Тишка бегом кинулся исполнять приказание и сейчас же возвратился в сопровождении Никиты, который ожидал на крыльце выхода князя.
– Никита, – сказал Василий, – сыщи немедля боярина Шестака и приведи сюда! Да ежели он станет вилять либо упираться, бери его силой!
– Будет исполнено, княже, – ответил Никита и быстро вышел из горницы.
В ожидании Шестака Василий зашагал по опочивальне, снова наливаясь безудержным гневом. Что грамоту украл именно Шестак, у него не было теперь никаких сомнений. Шестак его ненавидел, он старался настроить против него удельных князей, он посылал к ним каких-то таинственных ночных гонцов. Зачем своровал он эту грамоту сейчас, когда Василий уже княжит, – о том надобно подумать… Не для того ли, чтобы потомков его лишить права на княжение? От такой гадины всего можно ждать! «Ну, погоди, козлиная борода, ты у меня еще пожалеешь, что на свет народился!» – подытожил он все эти мысли как раз в тот момент, когда в опочивальню вошел боярин Шестак, довольно невежливо подталкиваемый сзади Никитой.
Шестак, когда к нему явился княжий стремянный и почти силой повел во дворец, в первую минуту порядком струсил. Но по дороге взбодрил себя мыслями о том, что Василий княжит последний день и так или иначе песня его спета. Что именно стало известно князю, боярин не знал, но решил отрицать все начисто и прикинуться оскорбленной невинностью. В соответствии с этим решением, едва переступив порог опочивальни, он обиженным тоном заявил:
– С каких это пор твои слуги, князь, начали карачевских бояр хватать? Такого еще, кажись, не было на Руси!
Василий с яростью взглянул на Шестака.
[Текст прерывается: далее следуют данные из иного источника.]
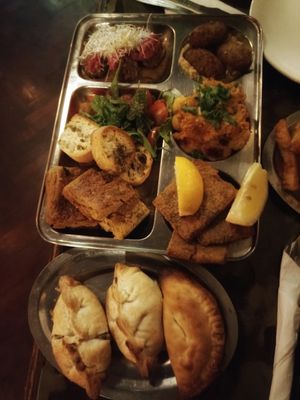 Tabla para dos personas + empanadas at Shipibo Bistro Amazonico in Ramos Mejia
Перед ним, вспыжившись, но с животным страхом в глазах, стоял маленький ничтожный человечек, не по заслугам занимающий в стране самое завидное положение, стяжавший огромные богатства и все же с легким сердцем готовый предать своего государя, залить родную землю кровью и совершить любую подлость. И с таким еще церемониться!
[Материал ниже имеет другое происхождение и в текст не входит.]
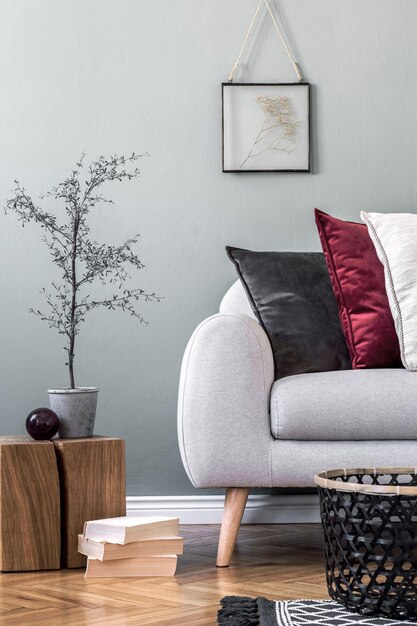 Composizione elegante di dettagli interni accoglienti del soggiorno e cuscini colorati di classe. Parete creativa grigia e pavimento in parquet. Stile scandinavo.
– Не бывало? – со злой усмешкой переспросил он. – А еще не то будет: карачевский боярин повиснет на воротах, ежели не возвратит грамоту, лежавшую вот в этом ларце, и не скажет, зачем он ее оттуда своровал?
– Да ты что, князь? – побледнев, но выдерживая взятый тон, промолвил Шестак. – Какая грамота? Да я после смерти родителя твоего и близко тут не бывал!
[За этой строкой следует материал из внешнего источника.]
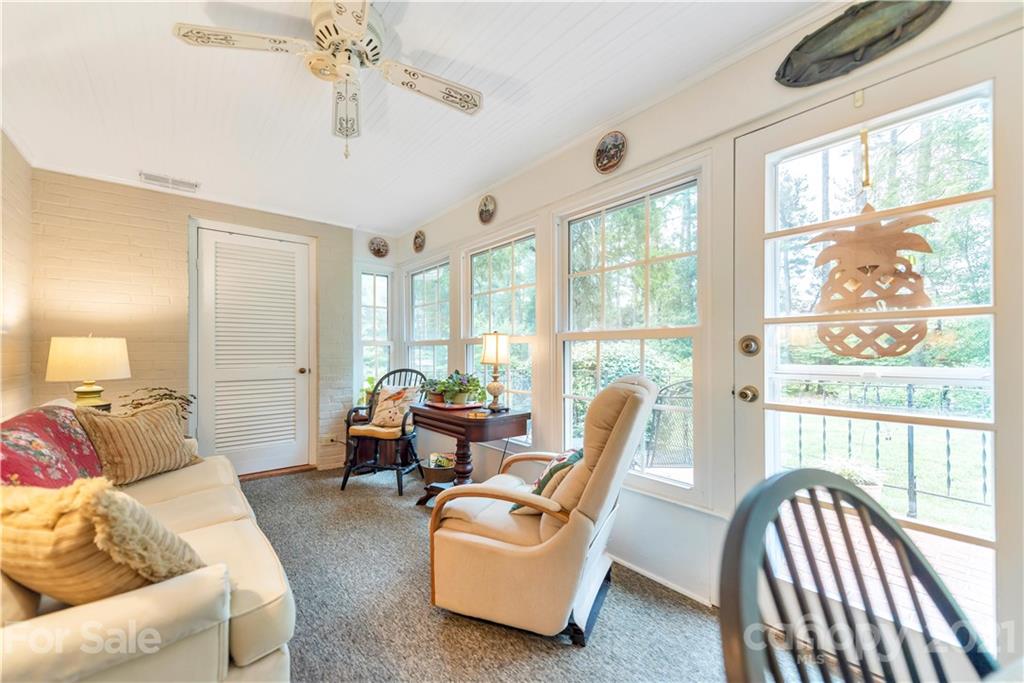 404 Dameron Road Bessemer City, NC 28016 - Photo 15 of 47 a living room with furniture and floor to ceiling windows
– Тишка! – крикнул Василий. – Видал ты нынешней зимой, как боярин из моей опочивальни выходил?
– Видал, пресветлый князь!
– Что теперь скажешь, боярин?
– Скажу, что врет твой холоп либо кем научен! – закричал Шестак. – Может, сам он ту грамоту украл, а на меня валит! А ты по холопскому навету бояр хватаешь и смертию им грозишь! Да за такое поношение чести моей я к самому великому хану…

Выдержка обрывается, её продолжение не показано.